The results will be displayed as ppm and mol/l. If buffer solution has been added equally to standards and samples then these figures will not need adjusting because they will all be affected by the same dilution factor.

Note high and narrow pH range (13 to 14).

WARNING: 10M NaOH is a very caustic solution and should be handled with care.

Special Method for in-situ samples.

If it is impractical or undesirable to take subsamples and treat with buffer to raise the pH then it is possible to measure samples in-situ at a lower pH as long as the calibration standards have the same pH as the samples. A method has been published for measuring sulphide directly in pore waters of soft sediments by a team from Birkbeck College, London: "The Influence of Sulphide on the Distribution of Higher Plants in Salt Marshes by: A. Ingold and D. C. Havill. Journal of Ecology, Vol. 72, No. 3 (Nov., 1984), pp. 1043-1054.

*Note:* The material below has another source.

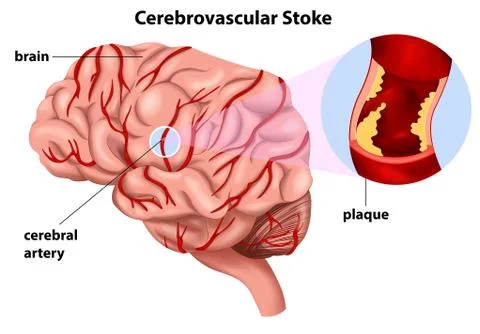 Cerebrovascular Stroke Stock Illustration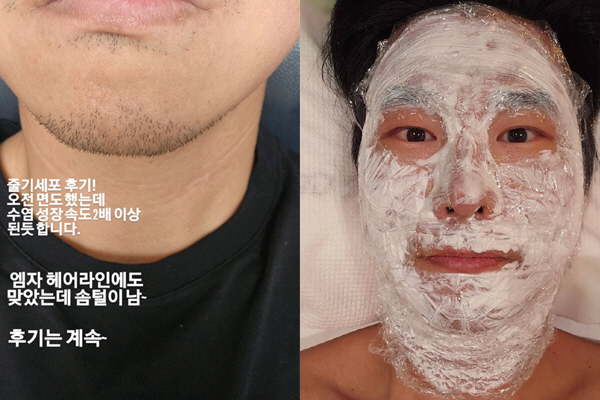 Kim Si-duk's appearance has changed dramatically since the stem cell procedure..'Bear growth rate twice ↑'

Although full analytical details are not given, it is stated that the electrodes were gently pushed directly into the sediment. First the pH was measured. Then the standard solutions were adjusted to this pH (presumably taking care to not significantly change the concentration of the standards or at least be able to recalculate the concentration) and the electrodes were calibrated before use. The authors comment that " The results obtained were very similar to those obtained by other analytical techniques (Beaton and Burns, 1968)" but there is no record of the actual precision and accuracy achieved by this method.